I tried in the following way
aws s3 ls s3://Bucket1/folder1/2019/ --recursive |grep filename.csv
This outputs the actual path where the file exists
2019-04-05 01:18:35 111111 folder1/2019/03/20/filename.csv
There are multiple options, none being simple "one shot" full text solution:
Key name pattern search: Searching for keys starting with some string- if you design key names carefully, then you may have rather quick solution.
Search metadata attached to keys: when posting a file to AWS S3, you may process the content, extract some meta information and attach this meta information in form of custom headers into the key. This allows you to fetch key names and headers without need to fetch complete content. The search has to be done sequentialy, there is no "sql like" search option for this. With large files this could save a lot of network traffic and time.
Store metadata on SimpleDB: as previous point, but with storing the metadata on SimpleDB. Here you have sql like select statements. In case of large data sets you may hit SimpleDB limits, which can be overcome (partition metadata across multiple SimpleDB domains), but if you go really far, you may need to use another metedata type of database.
Sequential full text search of the content - processing all the keys one by one. Very slow, if you have too many keys to process.
We are storing 1440 versions of a file a day (one per minute) for couple of years, using versioned bucket, it is easily possible. But getting some older version takes time, as one has to sequentially go version by version. Sometime I use simple CSV index with records, showing publication time plus version id, having this, I could jump to older version rather quickly.
As you see, AWS S3 is not on it's own designed for full text searches, it is simple storage service.
Here's a short and ugly way to do search file names using the AWS CLI:
aws s3 ls s3://your-bucket --recursive | grep your-search | cut -c 32-
I faced the same problem. Searching in S3 should be much more easier than the current situation. That's why, I implemented this open source tool for searching in S3.
SSEARCH is full open source S3 search tool. It has been implemented always keeping mind that the performance is the critical factor and according to the benchmarks it searches the bucket which contains ~1000 files within seconds.
Installation is simple. You only download docker-compose file and running it with
docker-compose up
SSEARCH will be started and you can search anything in any bucket you have.

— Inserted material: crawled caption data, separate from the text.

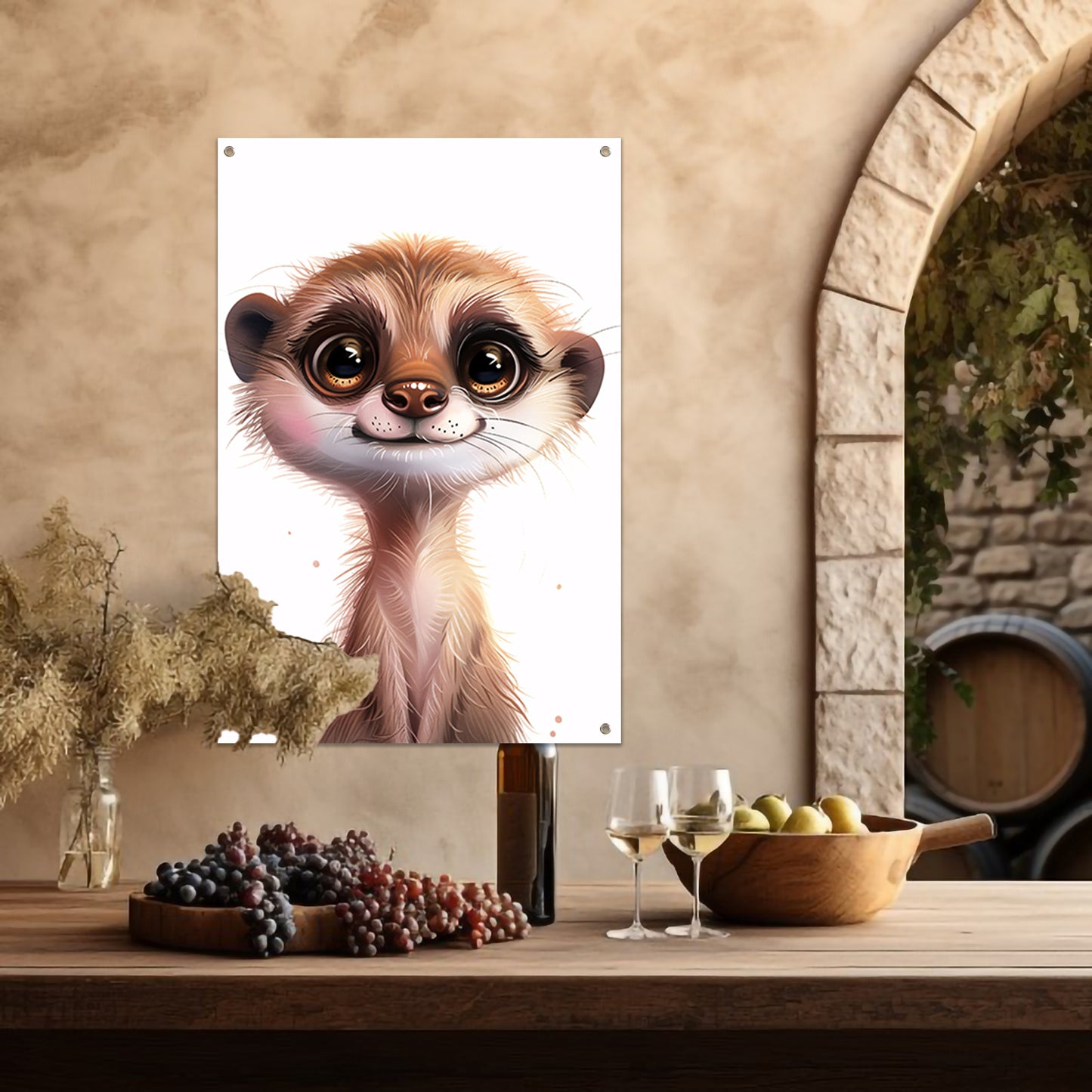 Digitale illustratie van een schattige nieuwsgierige meerkat tuinposter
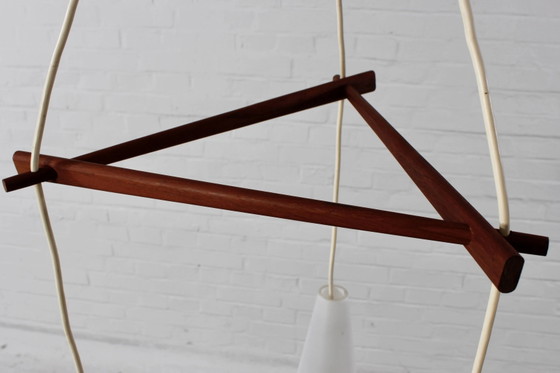 Deense teakhouten plafondlamp Deens design mid-century jaren 60 – Hanglampen, Wood, Glass (photo 12 of 13)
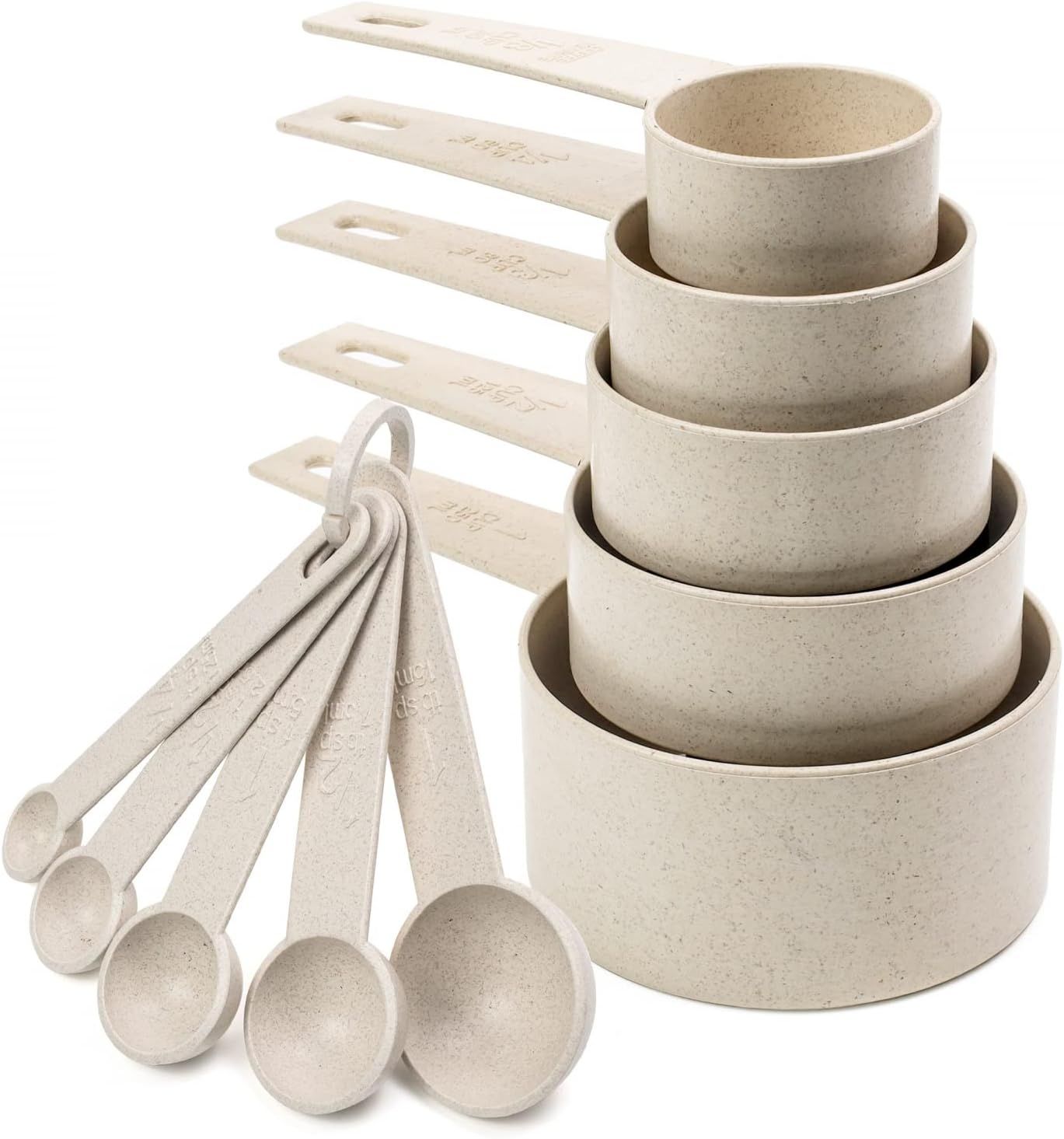 Beille Cream Wheat Straw Measuring Cups Spoons Set Cooking Baking Tools 10pc | Amazon (US)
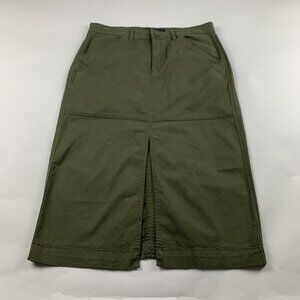 Sanctuary Dark Burnt Olive Canvas Split Front Triple Threat Maxi Skirt 29 New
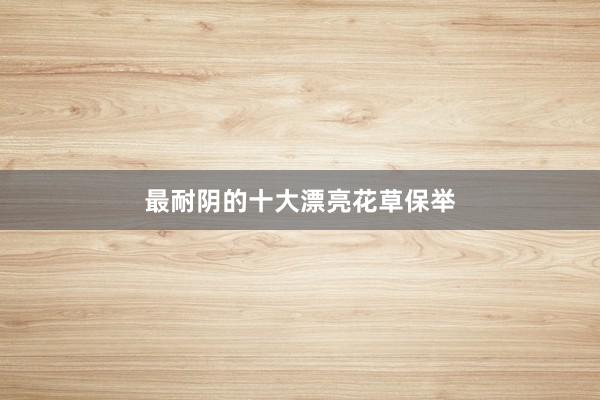 最耐阴的十大漂亮花草保举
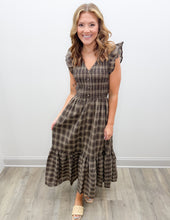 Load image into Gallery viewer, Saw You Cry Plaid Smocked V-Neck Button Down Midi Dress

I did something as below to find patterns in my bucket
def getListOfPrefixesFromS3(dataPath: String, prefix: String, delimiter: String, batchSize: Integer): List[String] = {
var s3Client = new AmazonS3Client()
var listObjectsRequest = new ListObjectsRequest().withBucketName(dataPath).withMaxKeys(batchSize).withPrefix(prefix).withDelimiter(delimiter)
var objectListing: ObjectListing = null
var res: List[String] = List()
do {
objectListing = s3Client.listObjects(listObjectsRequest)

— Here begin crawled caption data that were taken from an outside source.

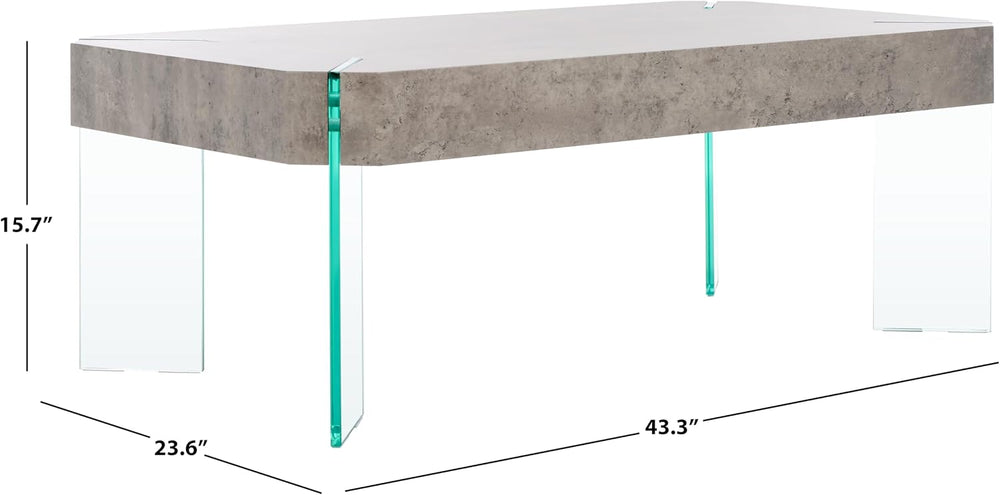 SAFAVIEH Home Collection Katelyn Light Concrete Grey/Glass Leg Coffee Table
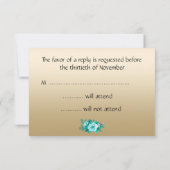 Cartons Réponse Bouquet de rose Turquoise Mariage d'or (Dos)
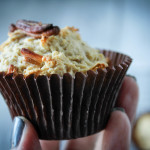oatmeal pecan muffins held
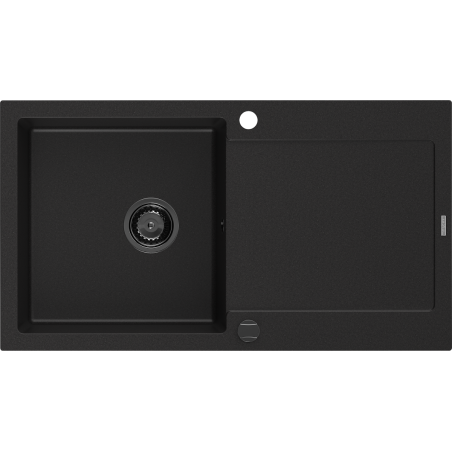 Mexen Leo granitový dřez 1-komorový s odkapávačem 900 x 500 mm, černý, černý sifon - 6501901010-77-B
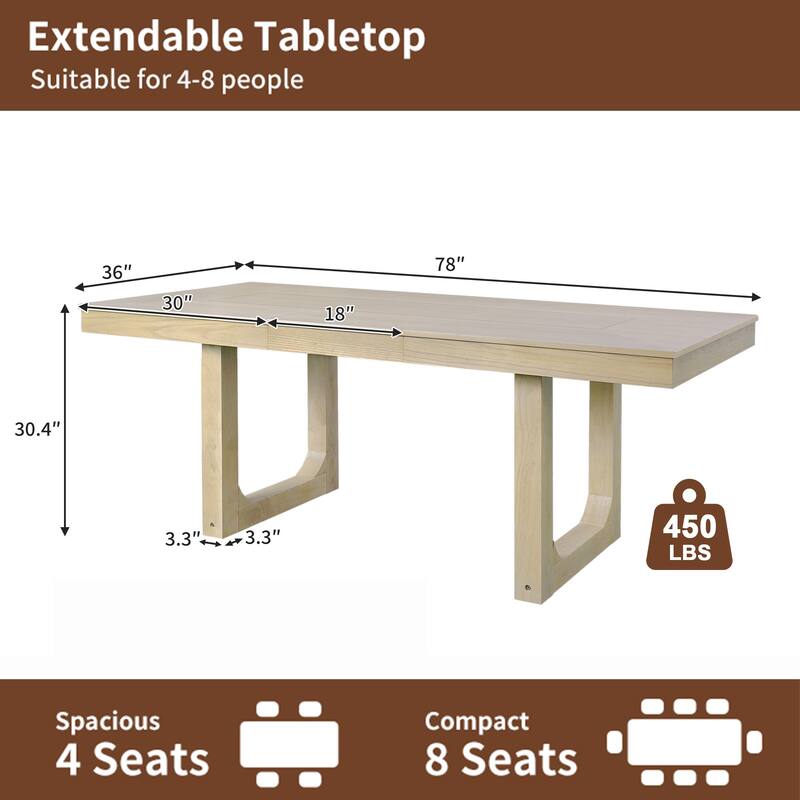 60"-78" Extendable Dining Table with Smooth Rails, Wooden Kitchen Table with Removable Leaf, Double U-Shape Base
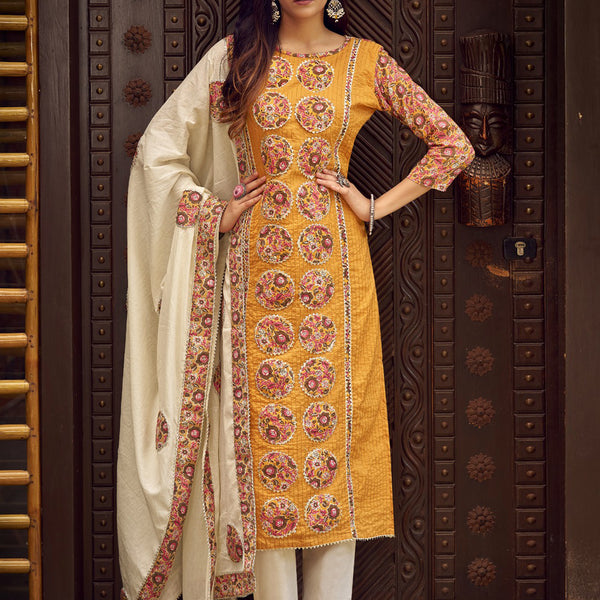 Jyoti Fashion Women's Mustard Pure Cotton Digital Printed Salwar Suit Set - Distacart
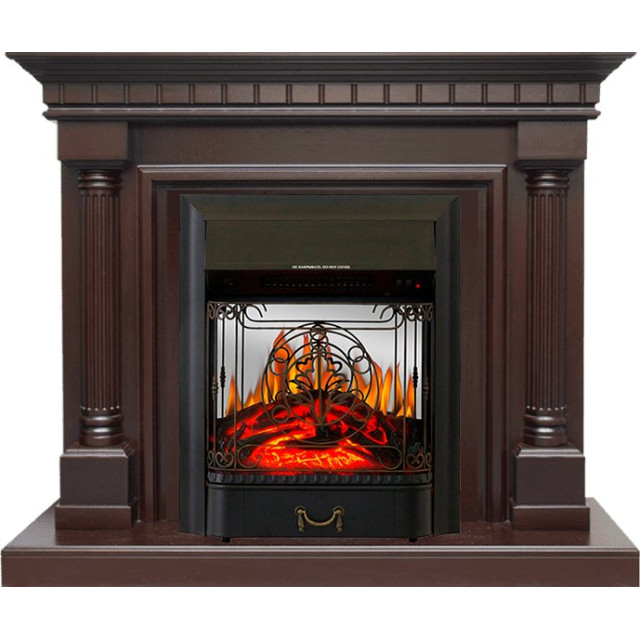 Royal Flame Dallas - Темный дуб с очагом Majestic FX M Black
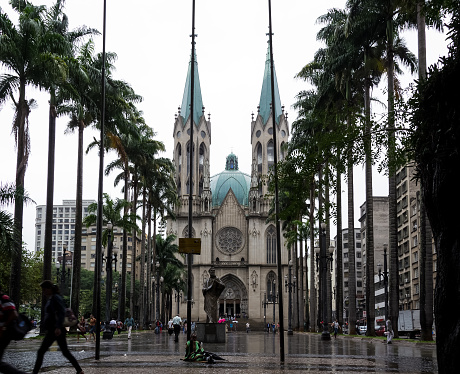 Architectural detail of the Sao Paulo Metropolitan Cathedral, also known as the See Cathedral (Catedral da Sé), the cathedral of the Roman Catholic Archdiocese of the city
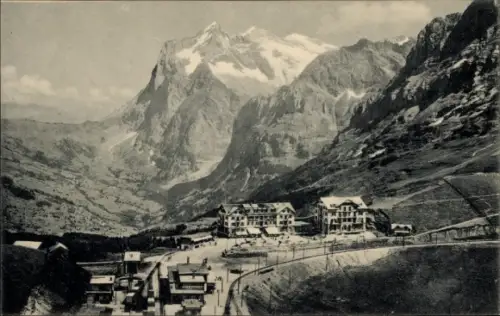 Ak Kanton Bern, Berner Oberland, Kleine Scheidegg, Berglandschaft,  Wetterhorn, 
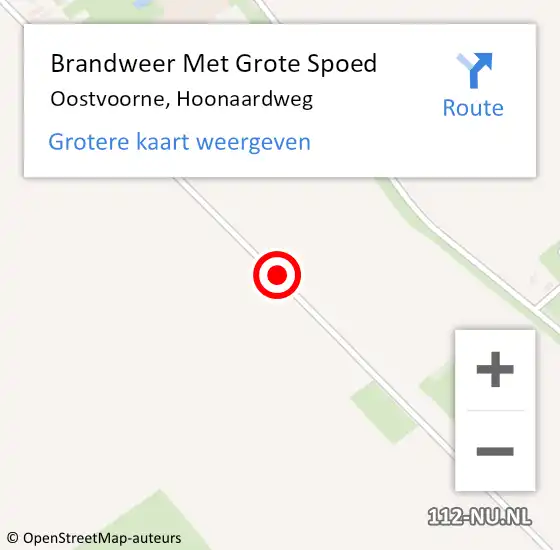 Locatie op kaart van de 112 melding: Brandweer Met Grote Spoed Naar Oostvoorne, Hoonaardweg op 3 februari 2018 22:10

res = res ++ objectListing.getCommonPrefixes
listObjectsRequest.setMarker(objectListing.getNextMarker)
} while (objectListing.isTruncated)
res
}
For larger buckets this consumes too much of time since all the object summaries are returned by the Aws and not only the ones that match the prefix and the delimiter. I am looking for ways to improve the performance and so far i've only found that i should name the keys and organise them in buckets properly.

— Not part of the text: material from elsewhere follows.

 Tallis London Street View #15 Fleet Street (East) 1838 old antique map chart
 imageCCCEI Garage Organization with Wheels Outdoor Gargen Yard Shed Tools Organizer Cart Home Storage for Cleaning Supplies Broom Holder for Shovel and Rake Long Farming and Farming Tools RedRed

S3 doesn't have a native "search this bucket" since the actual content is unknown - also, since S3 is key/value based there is no native way to access many nodes at once ala more traditional datastores that offer a (SELECT * FROM ... WHERE ...)
(in a SQL model).
What you will need to do is perform ListBucket
to get a listing of objects in the bucket and then iterate over every item performing a custom operation that you implement - which is your searching.